AIM OF THE TASK | Go through the entries below from the first line and transcribe each one exactly, ending with the line that contains "wall-art-print-canvas-poster-framed-Night Of The".

ENTRIES PROVIDED |
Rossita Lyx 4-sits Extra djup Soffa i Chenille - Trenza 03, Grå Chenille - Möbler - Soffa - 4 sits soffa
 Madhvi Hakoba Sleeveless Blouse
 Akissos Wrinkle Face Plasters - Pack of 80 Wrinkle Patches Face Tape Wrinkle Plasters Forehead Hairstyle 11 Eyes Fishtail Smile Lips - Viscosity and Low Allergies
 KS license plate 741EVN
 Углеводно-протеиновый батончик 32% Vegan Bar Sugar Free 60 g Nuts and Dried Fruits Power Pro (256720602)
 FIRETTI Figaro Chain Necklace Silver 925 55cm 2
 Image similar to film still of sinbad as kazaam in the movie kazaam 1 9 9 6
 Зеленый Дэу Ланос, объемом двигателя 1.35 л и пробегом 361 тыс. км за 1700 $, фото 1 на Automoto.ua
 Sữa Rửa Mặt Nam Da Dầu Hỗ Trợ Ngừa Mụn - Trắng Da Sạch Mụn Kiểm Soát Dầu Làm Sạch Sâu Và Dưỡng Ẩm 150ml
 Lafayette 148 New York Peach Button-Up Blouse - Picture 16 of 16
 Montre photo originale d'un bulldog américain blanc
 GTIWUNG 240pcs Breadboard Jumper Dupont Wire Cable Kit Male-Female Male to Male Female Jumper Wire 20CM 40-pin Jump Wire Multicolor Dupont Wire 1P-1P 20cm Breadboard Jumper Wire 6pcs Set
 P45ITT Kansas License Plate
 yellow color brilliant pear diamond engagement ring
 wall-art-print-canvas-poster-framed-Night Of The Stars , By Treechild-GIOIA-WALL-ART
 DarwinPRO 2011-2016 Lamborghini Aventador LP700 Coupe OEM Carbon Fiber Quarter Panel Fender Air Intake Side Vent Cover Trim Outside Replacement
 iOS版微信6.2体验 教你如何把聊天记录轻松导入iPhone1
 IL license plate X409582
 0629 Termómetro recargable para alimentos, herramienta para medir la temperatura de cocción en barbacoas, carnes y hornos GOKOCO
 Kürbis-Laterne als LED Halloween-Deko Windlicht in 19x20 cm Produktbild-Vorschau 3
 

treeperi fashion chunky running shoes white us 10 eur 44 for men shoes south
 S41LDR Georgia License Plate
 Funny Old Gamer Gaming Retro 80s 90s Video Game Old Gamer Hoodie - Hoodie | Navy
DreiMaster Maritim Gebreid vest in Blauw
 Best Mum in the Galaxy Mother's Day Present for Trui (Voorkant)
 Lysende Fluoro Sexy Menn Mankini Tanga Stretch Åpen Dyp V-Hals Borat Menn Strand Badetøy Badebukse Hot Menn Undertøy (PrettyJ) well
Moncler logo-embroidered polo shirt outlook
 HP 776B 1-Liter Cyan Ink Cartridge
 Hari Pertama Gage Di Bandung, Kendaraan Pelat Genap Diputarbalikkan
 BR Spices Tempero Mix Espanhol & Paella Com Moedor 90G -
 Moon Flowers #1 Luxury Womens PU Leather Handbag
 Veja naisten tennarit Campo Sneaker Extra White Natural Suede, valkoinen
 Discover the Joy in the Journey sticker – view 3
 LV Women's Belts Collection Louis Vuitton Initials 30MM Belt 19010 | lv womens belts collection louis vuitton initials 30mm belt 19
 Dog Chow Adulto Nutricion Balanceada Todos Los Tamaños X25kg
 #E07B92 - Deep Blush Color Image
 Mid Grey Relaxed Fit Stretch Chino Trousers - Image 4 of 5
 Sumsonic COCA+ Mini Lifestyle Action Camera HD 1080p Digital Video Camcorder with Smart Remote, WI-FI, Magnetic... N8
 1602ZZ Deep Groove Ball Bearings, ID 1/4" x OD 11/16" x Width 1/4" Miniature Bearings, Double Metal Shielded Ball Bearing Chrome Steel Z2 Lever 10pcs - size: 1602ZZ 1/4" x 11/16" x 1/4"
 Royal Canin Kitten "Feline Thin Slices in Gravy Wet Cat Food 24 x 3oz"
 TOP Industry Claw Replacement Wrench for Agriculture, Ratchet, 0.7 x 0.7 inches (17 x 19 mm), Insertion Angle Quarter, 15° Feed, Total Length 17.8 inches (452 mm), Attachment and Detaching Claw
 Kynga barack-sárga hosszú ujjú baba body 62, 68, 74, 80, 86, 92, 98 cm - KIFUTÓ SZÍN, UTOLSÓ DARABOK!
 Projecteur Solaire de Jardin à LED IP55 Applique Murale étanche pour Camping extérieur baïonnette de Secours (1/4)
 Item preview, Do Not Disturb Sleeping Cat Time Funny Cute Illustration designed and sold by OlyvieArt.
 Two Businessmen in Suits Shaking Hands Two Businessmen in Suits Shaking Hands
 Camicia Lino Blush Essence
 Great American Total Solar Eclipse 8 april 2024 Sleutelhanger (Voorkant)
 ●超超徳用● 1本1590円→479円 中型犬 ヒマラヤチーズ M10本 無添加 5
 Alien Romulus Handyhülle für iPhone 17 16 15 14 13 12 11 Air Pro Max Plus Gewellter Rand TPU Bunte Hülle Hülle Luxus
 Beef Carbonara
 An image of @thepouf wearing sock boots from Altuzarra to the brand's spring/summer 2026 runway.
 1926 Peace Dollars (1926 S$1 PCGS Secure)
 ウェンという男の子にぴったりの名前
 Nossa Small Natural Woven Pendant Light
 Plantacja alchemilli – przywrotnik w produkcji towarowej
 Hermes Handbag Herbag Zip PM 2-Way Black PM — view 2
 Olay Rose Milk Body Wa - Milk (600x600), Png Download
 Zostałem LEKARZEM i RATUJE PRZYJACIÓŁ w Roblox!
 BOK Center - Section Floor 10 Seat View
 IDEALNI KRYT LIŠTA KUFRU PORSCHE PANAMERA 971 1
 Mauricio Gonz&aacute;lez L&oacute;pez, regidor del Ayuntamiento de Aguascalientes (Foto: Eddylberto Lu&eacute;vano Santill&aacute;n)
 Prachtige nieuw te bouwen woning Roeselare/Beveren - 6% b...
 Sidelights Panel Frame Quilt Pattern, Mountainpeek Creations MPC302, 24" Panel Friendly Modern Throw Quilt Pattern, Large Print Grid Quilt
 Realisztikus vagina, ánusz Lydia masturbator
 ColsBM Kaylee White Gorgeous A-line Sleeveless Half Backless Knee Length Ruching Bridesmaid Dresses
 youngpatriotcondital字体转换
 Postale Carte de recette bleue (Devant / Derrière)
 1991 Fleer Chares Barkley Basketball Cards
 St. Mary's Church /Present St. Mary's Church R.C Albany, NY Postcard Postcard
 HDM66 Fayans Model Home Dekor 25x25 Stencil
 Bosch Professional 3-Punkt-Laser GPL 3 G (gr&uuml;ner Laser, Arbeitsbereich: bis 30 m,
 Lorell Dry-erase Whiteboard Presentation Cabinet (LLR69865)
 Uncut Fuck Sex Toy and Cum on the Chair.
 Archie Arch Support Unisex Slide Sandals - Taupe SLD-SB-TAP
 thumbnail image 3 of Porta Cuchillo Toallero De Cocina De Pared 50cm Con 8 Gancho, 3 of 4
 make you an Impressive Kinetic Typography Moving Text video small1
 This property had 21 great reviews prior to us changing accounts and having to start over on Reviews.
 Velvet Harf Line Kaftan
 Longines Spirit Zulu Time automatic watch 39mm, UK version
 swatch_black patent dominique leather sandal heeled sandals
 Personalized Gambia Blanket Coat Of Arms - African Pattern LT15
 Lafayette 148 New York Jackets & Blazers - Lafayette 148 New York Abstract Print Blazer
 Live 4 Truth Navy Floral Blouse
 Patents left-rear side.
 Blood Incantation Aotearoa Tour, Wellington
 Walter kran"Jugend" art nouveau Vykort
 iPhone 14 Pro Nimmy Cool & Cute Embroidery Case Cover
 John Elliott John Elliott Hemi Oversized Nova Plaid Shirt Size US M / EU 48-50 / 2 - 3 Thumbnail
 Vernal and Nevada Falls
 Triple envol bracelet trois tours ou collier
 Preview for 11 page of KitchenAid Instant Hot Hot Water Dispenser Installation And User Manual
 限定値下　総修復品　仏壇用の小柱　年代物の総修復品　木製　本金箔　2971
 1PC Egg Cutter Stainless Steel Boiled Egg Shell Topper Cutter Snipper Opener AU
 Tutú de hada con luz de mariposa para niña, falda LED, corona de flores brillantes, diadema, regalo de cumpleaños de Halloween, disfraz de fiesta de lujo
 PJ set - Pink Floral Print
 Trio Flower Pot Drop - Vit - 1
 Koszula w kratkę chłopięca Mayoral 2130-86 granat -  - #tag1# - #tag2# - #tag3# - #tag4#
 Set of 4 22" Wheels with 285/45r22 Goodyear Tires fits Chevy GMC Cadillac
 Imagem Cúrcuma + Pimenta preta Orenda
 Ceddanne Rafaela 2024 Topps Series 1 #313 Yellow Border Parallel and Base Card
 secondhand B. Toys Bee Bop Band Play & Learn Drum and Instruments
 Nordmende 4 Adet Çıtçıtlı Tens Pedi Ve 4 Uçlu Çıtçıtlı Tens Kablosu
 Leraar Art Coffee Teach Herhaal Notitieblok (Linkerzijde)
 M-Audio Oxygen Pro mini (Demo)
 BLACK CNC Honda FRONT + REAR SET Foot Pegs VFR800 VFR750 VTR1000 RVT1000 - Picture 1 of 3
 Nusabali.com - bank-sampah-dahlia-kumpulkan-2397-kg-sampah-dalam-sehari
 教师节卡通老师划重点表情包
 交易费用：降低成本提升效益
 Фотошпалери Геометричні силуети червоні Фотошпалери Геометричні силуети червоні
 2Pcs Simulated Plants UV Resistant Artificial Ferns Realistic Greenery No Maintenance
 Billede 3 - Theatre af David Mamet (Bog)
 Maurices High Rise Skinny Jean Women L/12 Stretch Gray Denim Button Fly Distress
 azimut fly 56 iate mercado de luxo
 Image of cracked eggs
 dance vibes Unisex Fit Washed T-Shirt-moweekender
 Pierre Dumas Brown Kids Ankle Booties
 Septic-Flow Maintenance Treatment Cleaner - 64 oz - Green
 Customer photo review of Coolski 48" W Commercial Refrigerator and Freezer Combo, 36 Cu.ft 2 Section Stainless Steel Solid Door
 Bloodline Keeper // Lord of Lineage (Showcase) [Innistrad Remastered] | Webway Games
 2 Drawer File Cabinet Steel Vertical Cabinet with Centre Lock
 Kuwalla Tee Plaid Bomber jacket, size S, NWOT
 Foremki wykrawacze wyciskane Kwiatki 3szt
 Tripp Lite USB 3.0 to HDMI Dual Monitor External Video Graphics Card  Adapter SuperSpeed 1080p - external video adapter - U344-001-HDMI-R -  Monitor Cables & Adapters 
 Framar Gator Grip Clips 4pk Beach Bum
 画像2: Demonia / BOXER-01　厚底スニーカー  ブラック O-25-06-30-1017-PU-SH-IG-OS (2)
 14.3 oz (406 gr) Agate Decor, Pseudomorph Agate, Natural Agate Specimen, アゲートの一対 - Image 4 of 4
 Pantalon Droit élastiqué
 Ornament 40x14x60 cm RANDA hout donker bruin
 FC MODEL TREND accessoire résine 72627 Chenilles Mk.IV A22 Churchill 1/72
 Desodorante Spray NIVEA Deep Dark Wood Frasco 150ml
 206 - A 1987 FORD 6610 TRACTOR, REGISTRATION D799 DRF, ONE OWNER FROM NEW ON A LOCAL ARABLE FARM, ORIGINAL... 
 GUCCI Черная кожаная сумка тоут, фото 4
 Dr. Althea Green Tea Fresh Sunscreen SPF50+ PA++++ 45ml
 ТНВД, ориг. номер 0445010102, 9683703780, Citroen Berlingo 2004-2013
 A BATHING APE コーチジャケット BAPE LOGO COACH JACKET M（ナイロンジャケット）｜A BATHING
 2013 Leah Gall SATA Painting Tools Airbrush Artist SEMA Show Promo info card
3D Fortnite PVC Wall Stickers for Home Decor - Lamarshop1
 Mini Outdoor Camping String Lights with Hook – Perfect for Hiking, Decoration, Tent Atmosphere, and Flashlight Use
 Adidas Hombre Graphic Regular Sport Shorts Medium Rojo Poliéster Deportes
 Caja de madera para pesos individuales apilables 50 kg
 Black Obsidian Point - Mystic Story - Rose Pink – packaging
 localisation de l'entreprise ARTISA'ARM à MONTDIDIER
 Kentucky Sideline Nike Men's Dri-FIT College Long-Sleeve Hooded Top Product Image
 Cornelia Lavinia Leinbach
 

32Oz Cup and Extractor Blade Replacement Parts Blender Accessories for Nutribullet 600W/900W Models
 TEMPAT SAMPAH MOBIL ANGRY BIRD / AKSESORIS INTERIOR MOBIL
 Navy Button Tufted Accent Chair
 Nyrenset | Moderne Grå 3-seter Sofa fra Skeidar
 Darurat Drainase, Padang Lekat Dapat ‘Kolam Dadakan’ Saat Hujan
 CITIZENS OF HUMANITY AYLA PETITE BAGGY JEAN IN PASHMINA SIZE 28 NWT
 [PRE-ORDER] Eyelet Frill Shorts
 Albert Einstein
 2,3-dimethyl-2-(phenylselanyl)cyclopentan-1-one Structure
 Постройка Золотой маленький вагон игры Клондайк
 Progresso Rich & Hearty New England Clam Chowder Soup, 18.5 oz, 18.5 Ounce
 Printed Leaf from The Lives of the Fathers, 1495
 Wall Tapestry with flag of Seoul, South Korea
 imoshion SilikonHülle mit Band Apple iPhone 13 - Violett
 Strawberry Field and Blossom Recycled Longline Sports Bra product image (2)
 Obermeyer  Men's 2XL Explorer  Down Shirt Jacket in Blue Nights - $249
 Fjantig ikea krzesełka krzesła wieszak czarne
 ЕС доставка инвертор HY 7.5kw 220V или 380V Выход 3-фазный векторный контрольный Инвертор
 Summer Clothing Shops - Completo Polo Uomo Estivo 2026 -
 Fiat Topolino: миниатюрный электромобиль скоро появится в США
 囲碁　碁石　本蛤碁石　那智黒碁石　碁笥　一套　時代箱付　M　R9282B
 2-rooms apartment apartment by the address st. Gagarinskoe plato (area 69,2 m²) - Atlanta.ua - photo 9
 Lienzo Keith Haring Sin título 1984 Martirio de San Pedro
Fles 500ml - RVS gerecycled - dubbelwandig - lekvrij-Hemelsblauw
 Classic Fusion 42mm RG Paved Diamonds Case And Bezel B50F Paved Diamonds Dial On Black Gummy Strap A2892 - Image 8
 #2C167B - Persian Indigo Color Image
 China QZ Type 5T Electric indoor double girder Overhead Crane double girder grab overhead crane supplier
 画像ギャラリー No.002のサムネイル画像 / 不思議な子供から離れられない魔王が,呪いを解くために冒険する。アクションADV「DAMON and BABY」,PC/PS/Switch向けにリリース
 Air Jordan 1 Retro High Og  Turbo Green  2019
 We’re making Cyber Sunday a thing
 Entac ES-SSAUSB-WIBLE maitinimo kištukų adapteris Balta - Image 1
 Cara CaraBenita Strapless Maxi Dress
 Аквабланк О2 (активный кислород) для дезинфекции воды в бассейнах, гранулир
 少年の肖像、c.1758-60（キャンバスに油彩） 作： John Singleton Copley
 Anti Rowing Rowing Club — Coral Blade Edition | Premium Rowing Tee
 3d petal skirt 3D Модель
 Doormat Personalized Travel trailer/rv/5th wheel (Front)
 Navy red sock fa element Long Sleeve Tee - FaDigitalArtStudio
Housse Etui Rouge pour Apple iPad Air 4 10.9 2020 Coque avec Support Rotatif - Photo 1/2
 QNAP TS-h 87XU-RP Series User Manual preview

REPLY |
Rossita Lyx 4-sits Extra djup Soffa i Chenille - Trenza 03, Grå Chenille - Möbler - Soffa - 4 sits soffa
 Madhvi Hakoba Sleeveless Blouse
 Akissos Wrinkle Face Plasters - Pack of 80 Wrinkle Patches Face Tape Wrinkle Plasters Forehead Hairstyle 11 Eyes Fishtail Smile Lips - Viscosity and Low Allergies
 KS license plate 741EVN
 Углеводно-протеиновый батончик 32% Vegan Bar Sugar Free 60 g Nuts and Dried Fruits Power Pro (256720602)
 FIRETTI Figaro Chain Necklace Silver 925 55cm 2
 Image similar to film still of sinbad as kazaam in the movie kazaam 1 9 9 6
 Зеленый Дэу Ланос, объемом двигателя 1.35 л и пробегом 361 тыс. км за 1700 $, фото 1 на Automoto.ua
 Sữa Rửa Mặt Nam Da Dầu Hỗ Trợ Ngừa Mụn - Trắng Da Sạch Mụn Kiểm Soát Dầu Làm Sạch Sâu Và Dưỡng Ẩm 150ml
 Lafayette 148 New York Peach Button-Up Blouse - Picture 16 of 16
 Montre photo originale d'un bulldog américain blanc
 GTIWUNG 240pcs Breadboard Jumper Dupont Wire Cable Kit Male-Female Male to Male Female Jumper Wire 20CM 40-pin Jump Wire Multicolor Dupont Wire 1P-1P 20cm Breadboard Jumper Wire 6pcs Set
 P45ITT Kansas License Plate
 yellow color brilliant pear diamond engagement ring
 wall-art-print-canvas-poster-framed-Night Of The Stars , By Treechild-GIOIA-WALL-ART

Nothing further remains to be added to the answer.